Author who claims 9/11 attack was faked coming to NYC
THE ASSOCIATED PRESS
A French author who suggests that the Sept. 11 attacks were concocted by a faction of the U.S. military is planning to promote his book on a tour that will begin in New York City.
The English title of Thierry Meyssan’s book is “9-11, The Big Lie,” which also suggests that the Pentagon was hit by an American missile, and not American Airlines Flight 77. USA Books, a subsidiary of the book’s French publisher, says he could launch the tour as early as this month.
The dates have not been finalized yet, according to Asad Lalljee, of USA Books, but the publicity blitz is likely to include interviews with several major television news shows that have expressed interest. The tour also may include speaking engagements, Lalljee said.
The French press ridiculed the book, but it became a best seller in France for three months. The English version has not seen the same success on the best seller lists, but Lalljee said 5,000 copies have sold “without any marketing” in the past six weeks since it was made available.
“We do anticipate great demand,” Lalljee said.
In the book, Meyssan suggests that the attacks were schemed in order to promote a U.S. military agenda that included waging war in Afghanistan.
When asked what did happen to Flight 77 and the 59 passengers and crew aboard, he says it’s “one of the questions I don’t have a response for.” But he says that the shape of the gash in the Pentagon, where 125 people were killed, is not consistent with an airliner.
In a book refuting Meyssan’s theories, authors Guillaume Dasquie and Jean Guisnel said that some French “adore these cranks telling them that they are victims of plots, that the truth is being hidden from them, that one must not accept the official version.”
The U.S. Defense Department has called the allegations in the book “more than insulting.”
Lt.

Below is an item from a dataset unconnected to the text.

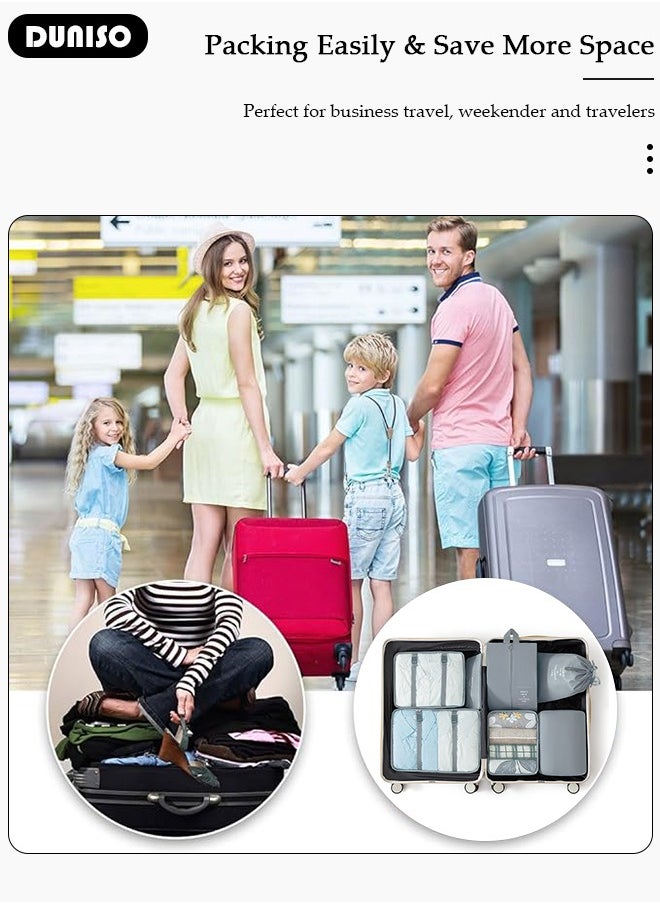 DUNISO - 7 Piece Travel Organizer Bags for Luggage, Waterproof and Durable Travel Bags, Packing Cubes for Travel, Compression Cubes for Suitcases, Travel Bags for Clothes, Toiletries, Clothing, Underwear - Image 1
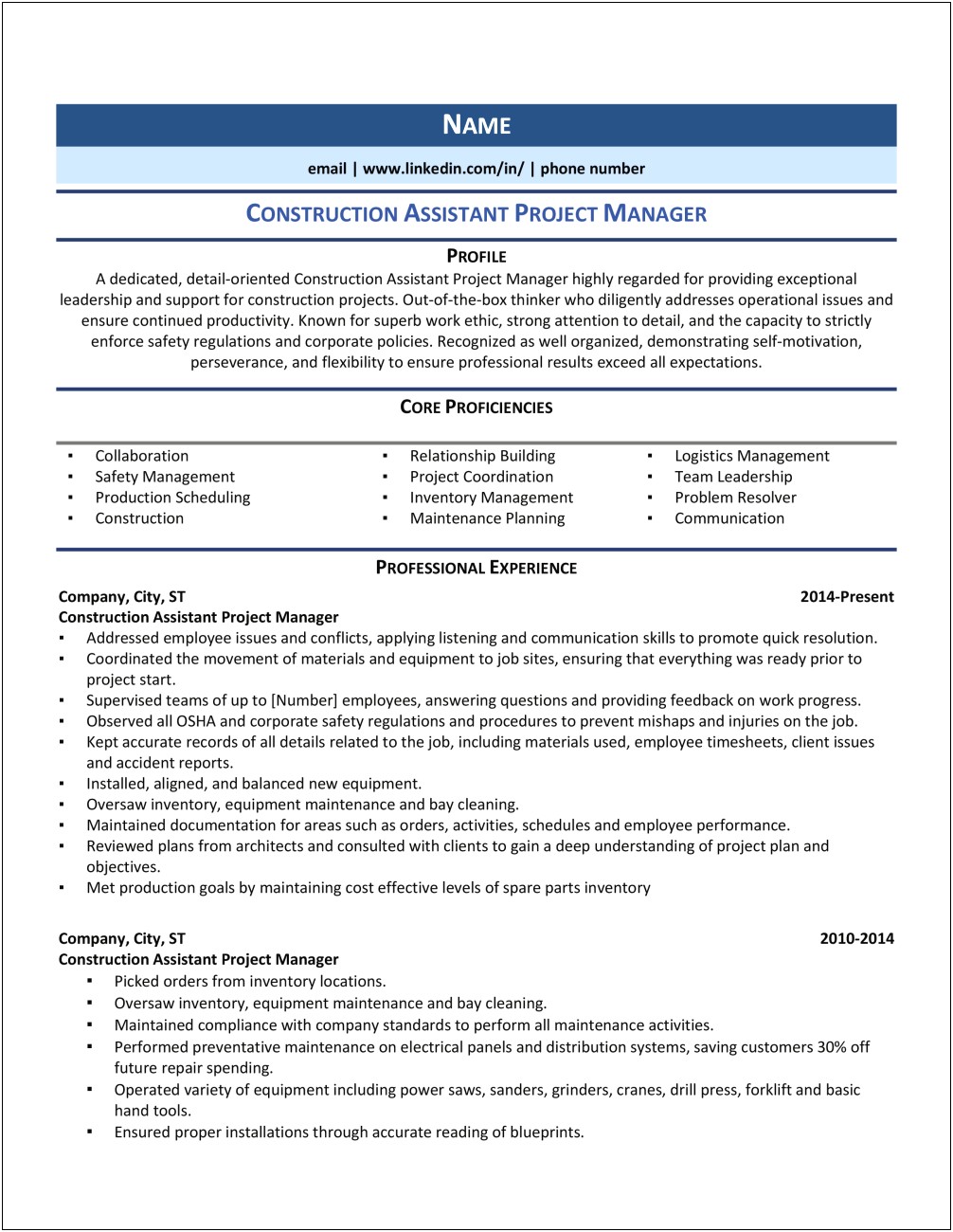 Free Resume Templates For Construction Project Manager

Col. Ken McClellan, a Defense Department spokesman, said Monday he was “appalled” that Meyssan is planning a U.S. visit.
“Certainly there’s a market for any sort of trivialization of history,” McClellan said. “That doesn’t make it less of a tragedy.”
Meyssan, an activist with his own left-wing association called the “Voltaire Network,” says he did not actually travel to the United States to investigate his theories, but had researchers working for him. He said much of his book is based on public documents, newspaper articles and the Internet.